- [Task instructions]: Each line of the data below that carries the word "Portuguese" needs to be copied.
((
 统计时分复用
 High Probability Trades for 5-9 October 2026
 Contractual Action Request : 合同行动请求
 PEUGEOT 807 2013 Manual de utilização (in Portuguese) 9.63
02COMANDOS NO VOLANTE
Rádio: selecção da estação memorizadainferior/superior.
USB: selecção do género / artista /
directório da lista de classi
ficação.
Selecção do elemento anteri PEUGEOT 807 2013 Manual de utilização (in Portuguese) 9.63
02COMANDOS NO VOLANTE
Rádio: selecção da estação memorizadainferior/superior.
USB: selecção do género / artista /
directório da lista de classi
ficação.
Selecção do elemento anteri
))
- [Response]:
 PEUGEOT 807 2013 Manual de utilização (in Portuguese) 9.63
Selecção do elemento anteri PEUGEOT 807 2013 Manual de utilização (in Portuguese) 9.63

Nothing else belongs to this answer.